This is a runoff election for Position 3 on the state’s high court. Goodson has been on the Supreme Court since 2011; she lost an election for chief justice of the court to Dan Kemp in 2016. David Sterling, the chief counsel for the state Department of Human Services, lost a bid to be the Republican nominee for attorney general to Leslie Rutledge in 2014. The position is officially nonpartisan, but Sterling is making every effort to link his candidacy with the GOP. His social media accounts show him making a nearly unbroken series of appearances at Republican functions. In the general election, which was held in May, Goodson received 37 percent of the vote; Sterling got 34 percent. (The third candidate was state Court of Appeals Judge Kenneth Hixson.) Sterling would be a crucial court vote for Republicans. Justice Shawn Womack is a former Republican state senator and remains intensely political with frequent legislative lobbying through Republican colleagues. Justice Rhonda Wood has used former Republican Gov. Mike Huckabee in robocalls for her political campaigns and also made the rounds of Republican county committee meetings to campaign. A Sterling win gives the court three transparently partisan justices.

Meanwhile, conservative dark money has poured into the race, all to the aid of Sterling. In the May general election, the Judicial Crisis Network, a conservative political campaign organization, spent more than $900,000 attacking Goodson and Hixson. Another dark money group funded by business groups and tobacco companies has also spent six-figure sums.

That’s led to a strange legal sideshow in this race: Goodson filed a lawsuit in the spring to block TV networks from airing one of JCN’s ads she said was defamatory — a dubious argument, from a First Amendment perspective. Nonetheless, Pulaski County Circuit Judge Chris Piazza granted Goodson’s request for a preliminary injunction, which prevented the ad from running in certain markets in the final days of the general election. An appeal of that decision is now before the state Supreme Court and five special justices appointed by Governor Hutchinson; Goodson and most of her colleagues recused.
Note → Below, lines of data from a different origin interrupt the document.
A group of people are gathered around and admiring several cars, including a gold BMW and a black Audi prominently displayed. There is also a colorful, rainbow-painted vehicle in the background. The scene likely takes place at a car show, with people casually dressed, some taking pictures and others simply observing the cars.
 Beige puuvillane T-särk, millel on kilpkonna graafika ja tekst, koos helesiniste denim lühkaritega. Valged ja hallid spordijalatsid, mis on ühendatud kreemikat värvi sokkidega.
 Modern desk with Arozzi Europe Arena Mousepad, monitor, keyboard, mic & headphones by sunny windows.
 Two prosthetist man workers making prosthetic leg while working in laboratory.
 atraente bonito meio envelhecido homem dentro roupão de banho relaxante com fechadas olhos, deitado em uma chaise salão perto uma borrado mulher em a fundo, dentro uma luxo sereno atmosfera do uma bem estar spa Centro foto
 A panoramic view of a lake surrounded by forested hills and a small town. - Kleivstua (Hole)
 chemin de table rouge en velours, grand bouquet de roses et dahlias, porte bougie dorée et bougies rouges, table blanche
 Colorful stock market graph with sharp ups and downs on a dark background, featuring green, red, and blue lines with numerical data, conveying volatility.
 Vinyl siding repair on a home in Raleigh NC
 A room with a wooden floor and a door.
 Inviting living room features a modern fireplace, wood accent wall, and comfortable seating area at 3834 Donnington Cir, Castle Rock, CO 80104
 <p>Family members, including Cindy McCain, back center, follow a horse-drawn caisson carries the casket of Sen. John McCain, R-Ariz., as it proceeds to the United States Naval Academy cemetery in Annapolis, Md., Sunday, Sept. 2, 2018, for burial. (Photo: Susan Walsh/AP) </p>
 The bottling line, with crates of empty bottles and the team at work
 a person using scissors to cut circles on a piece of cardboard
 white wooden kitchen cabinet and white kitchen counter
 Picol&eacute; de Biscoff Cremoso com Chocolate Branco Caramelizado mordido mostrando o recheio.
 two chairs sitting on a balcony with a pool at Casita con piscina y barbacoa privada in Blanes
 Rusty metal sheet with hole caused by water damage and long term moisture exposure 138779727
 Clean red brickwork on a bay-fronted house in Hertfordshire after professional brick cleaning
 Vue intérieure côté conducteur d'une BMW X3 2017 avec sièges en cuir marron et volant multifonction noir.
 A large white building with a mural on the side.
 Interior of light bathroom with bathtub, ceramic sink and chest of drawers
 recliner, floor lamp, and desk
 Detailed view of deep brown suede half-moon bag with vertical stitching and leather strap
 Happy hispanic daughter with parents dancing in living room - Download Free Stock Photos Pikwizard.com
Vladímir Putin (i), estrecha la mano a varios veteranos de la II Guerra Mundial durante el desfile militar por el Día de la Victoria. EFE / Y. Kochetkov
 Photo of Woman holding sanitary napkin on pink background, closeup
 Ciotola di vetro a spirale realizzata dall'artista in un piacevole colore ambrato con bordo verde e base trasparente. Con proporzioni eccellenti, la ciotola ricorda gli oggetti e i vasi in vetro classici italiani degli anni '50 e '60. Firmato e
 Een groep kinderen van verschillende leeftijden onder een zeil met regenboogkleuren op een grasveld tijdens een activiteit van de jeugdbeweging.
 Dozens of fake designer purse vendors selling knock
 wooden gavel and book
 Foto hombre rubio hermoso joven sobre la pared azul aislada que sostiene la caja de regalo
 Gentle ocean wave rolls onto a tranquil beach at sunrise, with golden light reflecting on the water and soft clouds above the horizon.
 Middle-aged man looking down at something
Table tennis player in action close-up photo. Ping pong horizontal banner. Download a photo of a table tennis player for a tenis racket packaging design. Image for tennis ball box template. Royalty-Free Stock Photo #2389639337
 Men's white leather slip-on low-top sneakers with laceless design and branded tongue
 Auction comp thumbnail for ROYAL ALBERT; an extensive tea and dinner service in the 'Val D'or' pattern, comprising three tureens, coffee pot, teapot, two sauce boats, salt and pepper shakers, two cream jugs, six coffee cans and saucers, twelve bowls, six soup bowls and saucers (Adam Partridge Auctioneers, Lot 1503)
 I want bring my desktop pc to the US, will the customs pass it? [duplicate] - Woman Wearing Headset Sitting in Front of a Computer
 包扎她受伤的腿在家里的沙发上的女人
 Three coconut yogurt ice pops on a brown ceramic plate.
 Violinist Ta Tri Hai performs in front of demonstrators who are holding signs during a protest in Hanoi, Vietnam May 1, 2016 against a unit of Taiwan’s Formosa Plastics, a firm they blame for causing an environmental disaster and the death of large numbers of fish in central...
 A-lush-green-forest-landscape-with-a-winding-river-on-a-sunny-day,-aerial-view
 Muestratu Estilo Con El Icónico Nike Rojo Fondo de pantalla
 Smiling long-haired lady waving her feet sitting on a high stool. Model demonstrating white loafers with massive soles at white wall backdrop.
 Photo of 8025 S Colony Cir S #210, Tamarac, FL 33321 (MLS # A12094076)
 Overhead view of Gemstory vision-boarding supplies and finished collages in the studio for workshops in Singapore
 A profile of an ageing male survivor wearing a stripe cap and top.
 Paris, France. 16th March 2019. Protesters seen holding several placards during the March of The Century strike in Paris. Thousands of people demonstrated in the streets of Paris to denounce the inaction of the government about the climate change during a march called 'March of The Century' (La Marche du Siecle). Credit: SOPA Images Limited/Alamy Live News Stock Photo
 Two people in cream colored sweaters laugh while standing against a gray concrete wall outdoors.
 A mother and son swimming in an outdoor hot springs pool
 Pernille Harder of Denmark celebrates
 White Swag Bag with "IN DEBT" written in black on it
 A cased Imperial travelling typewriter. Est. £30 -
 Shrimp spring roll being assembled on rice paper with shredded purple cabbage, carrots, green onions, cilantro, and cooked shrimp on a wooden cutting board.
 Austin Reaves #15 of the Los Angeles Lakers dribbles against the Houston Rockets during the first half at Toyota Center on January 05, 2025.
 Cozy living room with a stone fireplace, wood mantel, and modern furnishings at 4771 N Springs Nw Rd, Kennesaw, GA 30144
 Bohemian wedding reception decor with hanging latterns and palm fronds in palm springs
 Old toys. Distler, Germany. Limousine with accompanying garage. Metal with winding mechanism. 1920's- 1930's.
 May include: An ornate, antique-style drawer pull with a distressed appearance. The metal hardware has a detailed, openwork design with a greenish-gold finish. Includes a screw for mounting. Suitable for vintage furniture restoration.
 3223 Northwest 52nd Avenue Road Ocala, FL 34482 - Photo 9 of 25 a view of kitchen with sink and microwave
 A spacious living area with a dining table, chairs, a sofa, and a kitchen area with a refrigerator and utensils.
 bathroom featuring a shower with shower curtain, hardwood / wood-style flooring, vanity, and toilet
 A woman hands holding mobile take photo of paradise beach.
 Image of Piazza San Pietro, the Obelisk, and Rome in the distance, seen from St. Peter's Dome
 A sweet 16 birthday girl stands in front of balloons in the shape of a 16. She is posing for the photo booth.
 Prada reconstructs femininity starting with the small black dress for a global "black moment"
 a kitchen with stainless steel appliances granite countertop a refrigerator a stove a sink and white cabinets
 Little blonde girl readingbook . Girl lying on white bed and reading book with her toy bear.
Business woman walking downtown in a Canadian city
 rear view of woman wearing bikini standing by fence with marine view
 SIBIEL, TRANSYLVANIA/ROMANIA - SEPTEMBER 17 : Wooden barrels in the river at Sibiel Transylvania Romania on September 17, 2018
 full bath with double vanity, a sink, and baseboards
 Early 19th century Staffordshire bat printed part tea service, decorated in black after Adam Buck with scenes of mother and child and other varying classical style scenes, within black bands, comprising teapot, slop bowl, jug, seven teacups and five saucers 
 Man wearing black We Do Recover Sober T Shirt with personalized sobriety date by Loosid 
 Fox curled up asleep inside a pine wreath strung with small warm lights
Janine Parry, a professor of political science at the University of Arkansas and the director of the influential Arkansas Poll, points to research from Melinda Gann Hall, the author of “Attacking Judges: How Campaign Advertising Influences State Supreme Court Races.” Hall suggests that attack ads are most influential in nonpartisan elections, Parry said, since voters don’t have party labels to help them decide between candidates they otherwise know little or nothing about.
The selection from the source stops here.